Significance Statement
Oligodendrocyte death and axonal demyelination are hallmarks of disease and aging, contributing to cognitive decline in both contexts. However, little is known about the molecular mechanisms that lead to the degeneration. Here, we used intravital imaging coupled with models of demyelination to identify a shift in the dynamics and mechanism of oligodendrocyte death. This shift was directly related to the maturation state of the individual cell as differentiating oligodendrocytes died in days via apoptotic caspase-3–dependent mechanisms while mature oligodendrocytes took weeks to die through a caspase-3–independent mechanism instead marked by DNA damage and disruption in PAR subcellular localization. Thus, oligodendrocyte maturation directly impacts the mechanisms underlying cell death and demyelination.
Introduction
The cognitive impairment that occurs in aging and neurodegeneration can be partially attributed to the death of myelinating oligodendrocytes (Meier-Ruge et al., 1992; Tang et al., 1997; Kohama et al., 2012). Several factors initiate myelin damage and oligodendrocyte death in these pathological contexts. First, established and long-lived oligodendrocytes (Tripathi et al., 2017) accumulate oxidative and DNA damage (Al-Mashhadi et al., 2015; Tse and Herrup, 2017). In parallel a proinflammatory environment can cause increased cell damage and death to oligodendrocytes (Clarke et al., 2018; Edler et al., 2021; Lee and Kim, 2022). Simultaneously, these same microenvironmental and age-related contexts limit the ability of OPCs to generate new mature myelinating oligodendrocytes, resulting in failed remyelination (Bartzokis, 2004; Peters and Kemper, 2012; Franklin and Ffrench-Constant, 2017; Hill et al., 2018; Hughes et al., 2018; Neumann et al., 2019; Chapman and Hill, 2020).
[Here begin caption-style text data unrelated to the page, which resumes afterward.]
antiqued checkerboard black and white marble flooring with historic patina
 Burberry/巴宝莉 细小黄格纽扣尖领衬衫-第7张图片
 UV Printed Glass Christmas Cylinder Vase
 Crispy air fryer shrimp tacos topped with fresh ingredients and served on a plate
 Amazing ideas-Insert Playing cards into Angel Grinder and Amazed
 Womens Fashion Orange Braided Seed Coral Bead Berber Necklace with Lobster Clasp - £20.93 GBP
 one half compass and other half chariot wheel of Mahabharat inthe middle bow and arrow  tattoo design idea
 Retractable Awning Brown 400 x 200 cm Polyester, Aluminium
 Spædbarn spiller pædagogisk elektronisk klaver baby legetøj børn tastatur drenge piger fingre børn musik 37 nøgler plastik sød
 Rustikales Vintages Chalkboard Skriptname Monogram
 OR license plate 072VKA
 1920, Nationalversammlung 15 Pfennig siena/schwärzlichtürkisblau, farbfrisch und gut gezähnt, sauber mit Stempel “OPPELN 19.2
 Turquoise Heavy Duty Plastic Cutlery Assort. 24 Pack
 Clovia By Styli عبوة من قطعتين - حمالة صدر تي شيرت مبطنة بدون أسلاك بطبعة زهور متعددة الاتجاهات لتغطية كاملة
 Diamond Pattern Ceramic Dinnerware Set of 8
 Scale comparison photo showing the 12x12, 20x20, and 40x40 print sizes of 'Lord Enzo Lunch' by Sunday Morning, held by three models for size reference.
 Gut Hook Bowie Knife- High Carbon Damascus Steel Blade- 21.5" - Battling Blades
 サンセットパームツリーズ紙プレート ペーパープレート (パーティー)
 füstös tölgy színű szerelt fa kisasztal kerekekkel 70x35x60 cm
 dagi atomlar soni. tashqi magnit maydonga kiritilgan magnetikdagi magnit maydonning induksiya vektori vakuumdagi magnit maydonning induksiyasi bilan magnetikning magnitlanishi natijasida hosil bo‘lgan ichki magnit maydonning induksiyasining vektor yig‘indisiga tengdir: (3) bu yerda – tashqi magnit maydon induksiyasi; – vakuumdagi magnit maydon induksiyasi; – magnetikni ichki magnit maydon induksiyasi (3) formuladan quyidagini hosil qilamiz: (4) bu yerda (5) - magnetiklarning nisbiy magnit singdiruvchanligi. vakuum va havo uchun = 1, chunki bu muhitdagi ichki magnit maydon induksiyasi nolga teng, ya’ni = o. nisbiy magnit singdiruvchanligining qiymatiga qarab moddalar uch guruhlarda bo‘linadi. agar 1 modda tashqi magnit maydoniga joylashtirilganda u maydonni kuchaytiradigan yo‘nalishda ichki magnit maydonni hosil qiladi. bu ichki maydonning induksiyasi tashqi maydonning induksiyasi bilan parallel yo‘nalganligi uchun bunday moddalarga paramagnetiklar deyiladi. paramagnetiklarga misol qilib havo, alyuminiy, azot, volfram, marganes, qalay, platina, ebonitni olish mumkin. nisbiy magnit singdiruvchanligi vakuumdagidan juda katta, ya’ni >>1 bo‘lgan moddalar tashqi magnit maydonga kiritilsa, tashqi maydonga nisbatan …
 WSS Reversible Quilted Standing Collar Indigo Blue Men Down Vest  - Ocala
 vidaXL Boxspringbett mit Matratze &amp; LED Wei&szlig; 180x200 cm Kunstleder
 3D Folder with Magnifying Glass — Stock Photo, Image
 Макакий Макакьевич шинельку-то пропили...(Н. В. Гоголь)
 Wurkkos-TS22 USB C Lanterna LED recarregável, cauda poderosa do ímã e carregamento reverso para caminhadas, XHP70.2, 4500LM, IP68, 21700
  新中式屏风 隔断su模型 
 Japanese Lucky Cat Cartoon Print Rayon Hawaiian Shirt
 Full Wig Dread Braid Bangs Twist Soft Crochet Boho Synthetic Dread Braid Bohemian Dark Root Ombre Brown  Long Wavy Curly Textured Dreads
These factors initiate a feed-forward degenerative cascade that exacerbates myelin and oligodendrocyte loss.
Multiple models are available to study oligodendrocyte death, with cuprizone-mediated demyelination being the most widely used (Hooijmans et al., 2019). However, despite it having existed for decades, the precise mechanisms that govern oligodendrocyte death in this model are not fully understood (Matsushima and Morell, 2001; Gudi et al., 2014; Praet et al., 2014; Zirngibl et al., 2022). Moreover, while it is generally accepted that oligodendrocyte precursor cells (OPCs) are not directly impacted by cuprizone treatment, whether cuprizone has similar impacts on cells at different stages of oligodendrocyte maturation has not been directly addressed. This is important as oligodendrocyte maturation has been shown to impact cell vulnerability in the context of developmental hypoxia/ischemia (Back et al., 1998, 2001) and cuprizone could conceivably similarly impact the ability of new oligodendrocytes to successfully mature and remyelinate in addition to causing the death of mature myelinating oligodendrocytes. Recent work has shown that oligodendrocyte death can be surprisingly slow compared with other cell death events (Pohl et al., 2011; Oluich et al., 2012; Bacmeister et al., 2020; Orthmann-Murphy et al., 2020; Snaidero et al., 2020; Chapman et al., 2023) further raising the question of what the underlying cell death mechanisms are in cuprizone and other models and whether similar mechanisms are involved in human disease and aging.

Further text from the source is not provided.